Es fácil caer en la tentación victimista de demandar sobreprotección de los ciclistas ante este tipo de noticias. Es fácil generalizar y caer en la reducción del problema para argumentar la necesidad de un viario exclusivo para este tipo de vehículo sin carrocería, sin licencia y sin seguro. Es fácil hacer una manifestación exhibicionista para escenificar la vulnerabilidad de las personas que andan en bici y exigir respeto y educación. Lo que no es tan fácil es saber discriminar dónde y por qué los ciclistas necesitan ser defendidos.
¿Cuándo, dónde y cómo?
Las rondas, las superavenidas, las rotondas, los cruces semaforizados con giros en ámbar, los entronques sobredimensionados, las soluciones implementadas en muchas ciudades con magnitudes y características propias de autopistas son las que más condicionan los tránsitos de los «no motorizados» en el medio urbano. Son estas megainfraestructuras las que más ponen en juego la convivencia de los ciclistas con el resto del tráfico. Es aquí donde hay que actuar y donde hay que recordar las reglas del juego: el respeto debido, el derecho indiscutible, la distancia de seguridad y, por qué no, la segregación.
En el resto del espacio urbano la circulación en bicicleta es segura si el sujeto que conduce la bicicleta sabe comportarse, sabe interactuar y sabe identificar los escenarios y las situaciones. Así pues, alejemos la idea paradigmática de que los ciclistas, como especie protegida, deben de contar con un medio seguro y exclusivo para sobrevivir y para reproducirse en cautividad porque, en la inmensa mayoría de los casos, ese medio ya existe y se llama calle.
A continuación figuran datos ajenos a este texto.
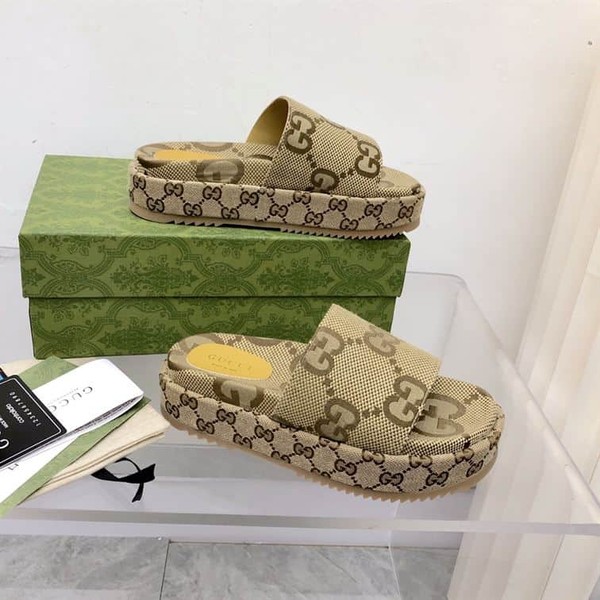GUCCI ANGELINA LOGO-JACQUARD COATED-CANVAS PLATFORM SLIDES - GSL023 - Image 3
Visto de esta manera, el asunto es relativamente sencillo y se reduce a identificar esas megainfraestructuras y buscar las mejores soluciones a cada caso. Huyendo de las fórmulas hechas con plantilla y metidas con calzador, huyendo de soluciones posibilistas y de chapuzas improvisadas para salir del paso, huyendo de mallas y redes que no hacen sino generar una expectativa de protección necesaria y exigible que nunca se puede completar porque no hay espacio público disponible ni lo habrá.
Bastará con hacer un mapa de la ciudad, como se ha hecho en algunas ciudades, donde se recojan las calles tranquilas y donde se identifiquen y se localicen los puntos negros y los trayectos comprometidos. Y habrá que ponerse manos a la obra (no confundir obra con construcción) para resolverlos de la manera más natural y más segura posible desde la perspectiva de la bicicleta.
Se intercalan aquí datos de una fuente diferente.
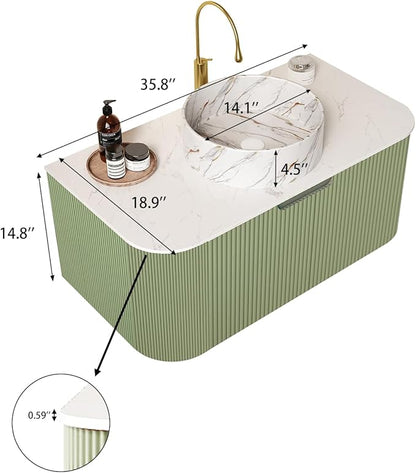 Yayzy 36" Floating Bathroom Vanity with Sink, Solid Wood Fluted Cabinet, White Marble-Patterned Ceramic Basin & Faux Marble Top, Soft-Close Drawer, Pre-Assembled, Light Green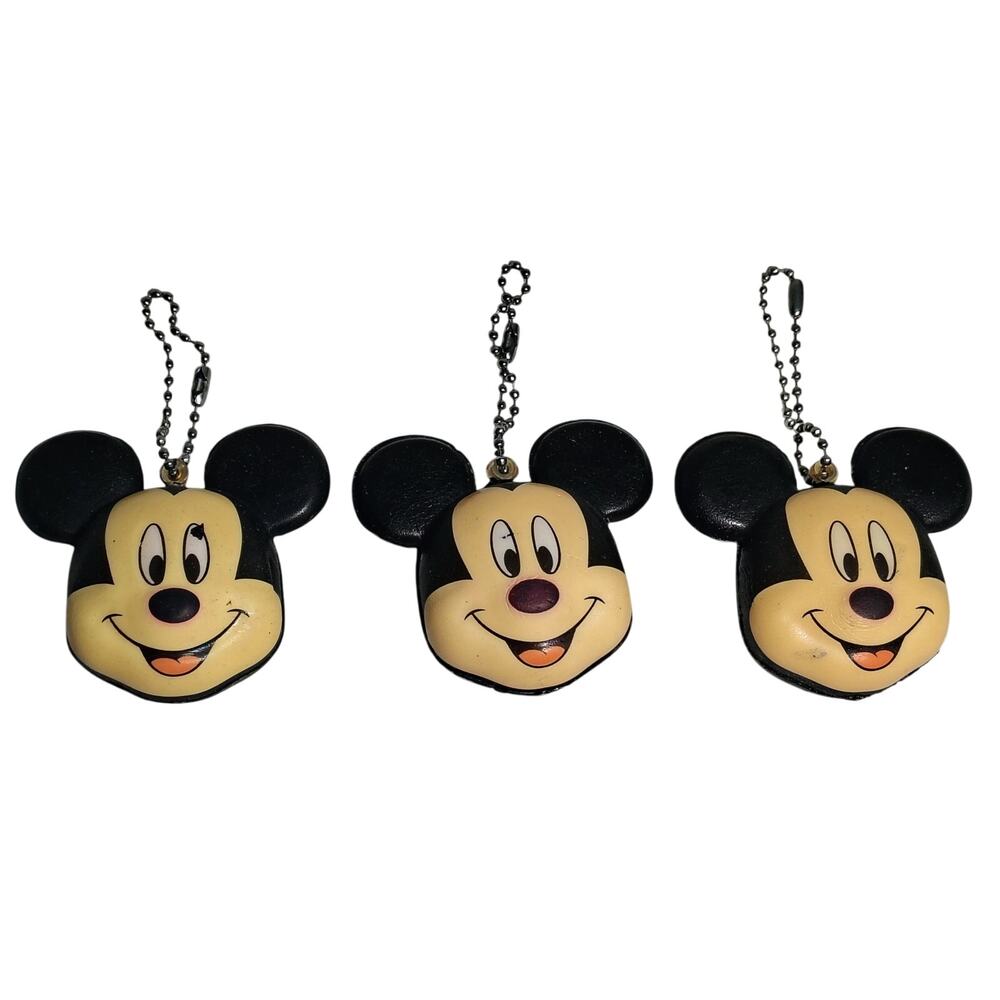 Vintage Disney Mickey Mouse Head Foam Squishy Keychain Bag Charm Lot/Set of 3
Todo lo demás es un juego obsceno, descabellado y auto-utopista que no hace sino retrasar la reconquista de las ciudades para las personas y la concurrencia de la bicicleta en las mismas de una manera natural y razonable, justificando acciones tan sangrantes como la invasión de las aceras y la discriminación de los viandantes.
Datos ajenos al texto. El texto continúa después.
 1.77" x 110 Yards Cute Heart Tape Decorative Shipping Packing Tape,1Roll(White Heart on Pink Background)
El peligro de la sobreprotección
Porque si maximizamos la protección corremos el peligro de la sobreprotección cuyas consecuencias pueden ser más negativas porque puede llegar a rebajar las defensas de la especie protegida, crearle un espacio profiláctico antinatural en el que la percepción de confianza haga a sus especímenes más vulnerables ante el riesgo, a la vez que les haga convertirse en depredadores de especies más débiles en su reserva.